Sprint Nextel said Tuesday that it will buy Virgin Mobile USA for $5.50 per share in a stock deal valued at $483 million.
Sprint already owns 13.1 percent of the prepaid mobile operator. Virgin Mobile is a mobile virtual network operator, or MVNO, which means it uses another carrier's network to offer its service. The company uses Sprint's CDMA network.
The transaction, which is expected to be finalized in the fourth quarter of 2009 or in early 2010, represents a 31 percent premium over Virgin Mobile's Monday closing share price of $4.21.
Sprint also agreed to retire Virgin's outstanding debt when the deal closes. It doesn't expect Virgin Mobile USA's debt to be more than $205 million net of cash and cash equivalents by September 30.
The third largest nationwide wireless carrier in the U.S behind Verizon Wireless and AT&T, Sprint has struggled the past few years since its acquisition of Nextel. It has been plagued by a poor service reputation, and many customers have left the service. The company's new management team, headed by CEO Dan Hesse, has been trying to turn the company around and rebuild its public image. Earlier this summer, the company launched the highly anticipated Palm Pre smartphone on its network.

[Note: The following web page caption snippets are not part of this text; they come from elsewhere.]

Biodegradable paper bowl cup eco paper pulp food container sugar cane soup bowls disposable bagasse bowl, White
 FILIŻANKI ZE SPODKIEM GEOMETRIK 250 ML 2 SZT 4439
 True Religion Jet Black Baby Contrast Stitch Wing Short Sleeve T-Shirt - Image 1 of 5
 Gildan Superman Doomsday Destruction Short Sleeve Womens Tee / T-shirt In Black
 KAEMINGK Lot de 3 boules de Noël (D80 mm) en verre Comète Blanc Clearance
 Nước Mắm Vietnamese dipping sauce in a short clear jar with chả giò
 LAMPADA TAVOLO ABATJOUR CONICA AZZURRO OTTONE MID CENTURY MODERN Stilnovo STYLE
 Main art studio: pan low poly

Sprint reports second-quarter earnings on Wednesday morning.
The acquisition of Virgin Mobile will help Sprint bulk up its prepaid business. Sprint already owns the nationwide prepaid brand Boost Mobile.
Boost Mobile made waves earlier this year when it introduced a $50 unlimited voice and data plan. Virgin Mobile, which is seen as one of Boost's main competitors in the prepaid market, soon followed suit with an unlimited offering of its own.